Exercise> Would you please print exactly the lines that run from the one with "113 sq.ft Slavyanski" to the last line of the data, both included, without any pictures?

BEGIN Material supplied

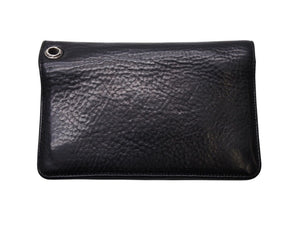CHROME HEARTS クロムハーツ 2ジップ クロスボタンズ ブラック ヘビーレザー ウォレット 財布 レザー シルバー925 黒 美品 中古 4b003378 
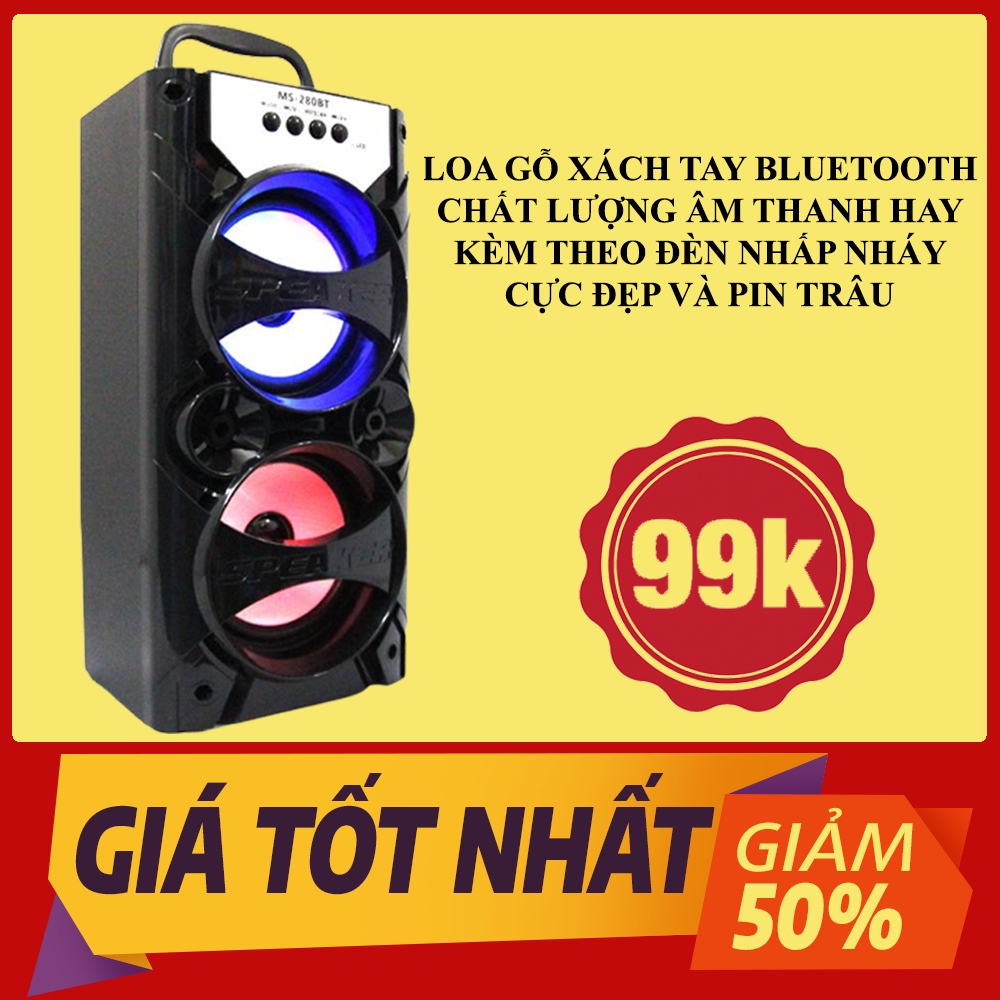 Loa gỗ Bluetooth xách tay Chất Lượng Âm Thanh hay kèm theo đèn nhấp nháy cực đẹp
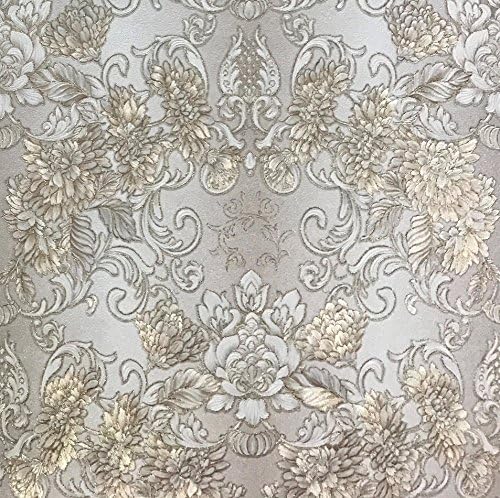 113 sq.ft Slavyanski wallcovering washable victorian floral damask pattern wallcoverings Vinyl Non-Woven Wallpaper off white ivory beige cream gold metallic covering textured flowers 3D wall coverings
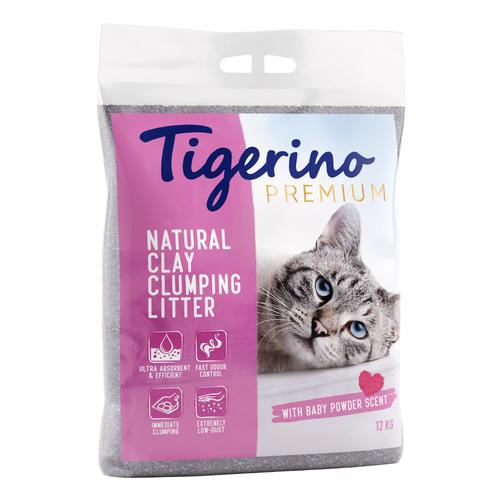 12kg Tigerino Premium Katzenstreu Babypuderduft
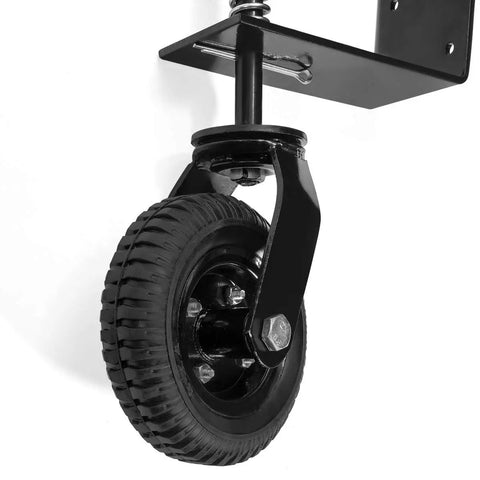 Close-up of a black, spring-loaded 8-inch polyurethane wheel, part of 2-Pack 8 Inch Flat-Free Gate Wheel With Spring-Loaded Chainlink Gate Caster.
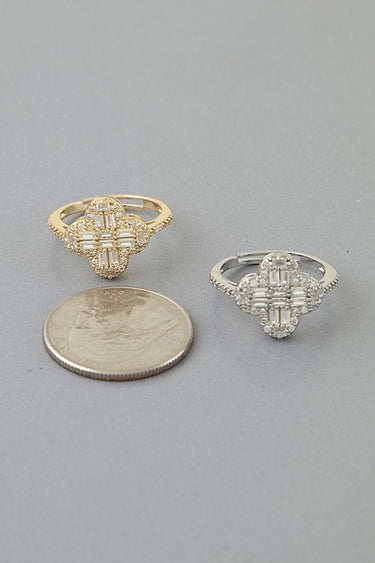 Multi Crystal Clover Statement Ring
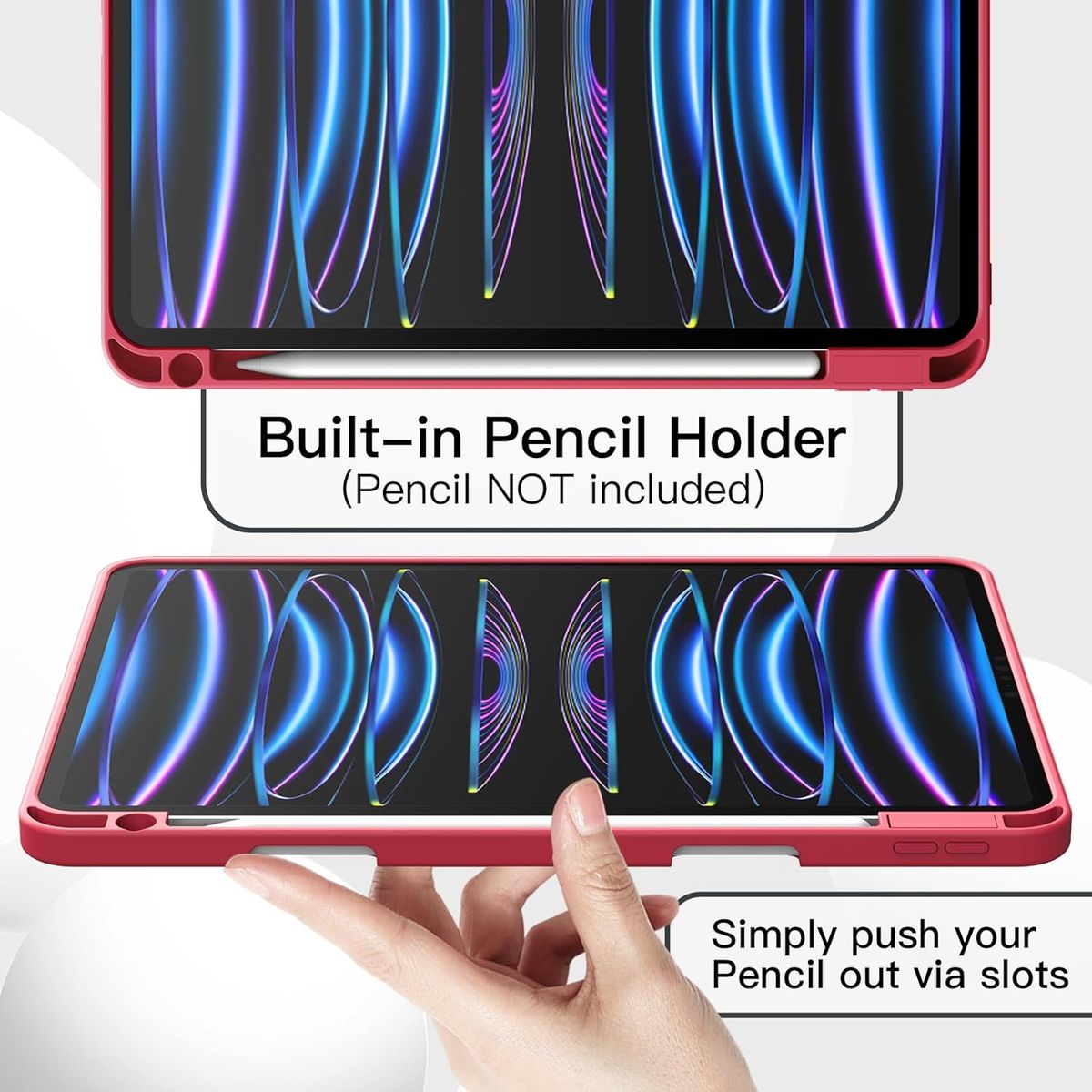 FUNDAANTIGOLPES - Funda Smart Cover con Porta Lapiz para IPAD PRO 11" 2024 ROJO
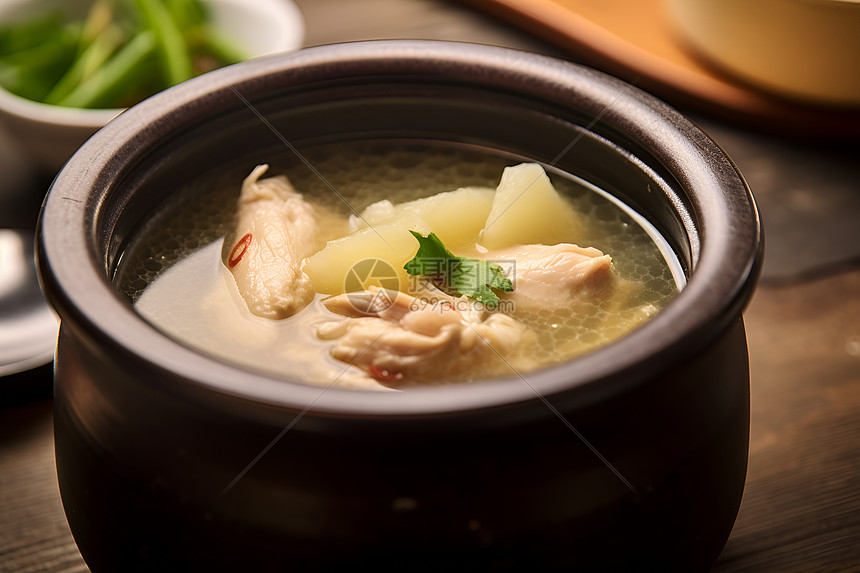 砂锅中健康美味的鸡汤图片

END Material supplied

Task response>
 113 sq.ft Slavyanski wallcovering washable victorian floral damask pattern wallcoverings Vinyl Non-Woven Wallpaper off white ivory beige cream gold metallic covering textured flowers 3D wall coverings
 12kg Tigerino Premium Katzenstreu Babypuderduft
 Close-up of a black, spring-loaded 8-inch polyurethane wheel, part of 2-Pack 8 Inch Flat-Free Gate Wheel With Spring-Loaded Chainlink Gate Caster.
 Multi Crystal Clover Statement Ring
 FUNDAANTIGOLPES - Funda Smart Cover con Porta Lapiz para IPAD PRO 11" 2024 ROJO
 砂锅中健康美味的鸡汤图片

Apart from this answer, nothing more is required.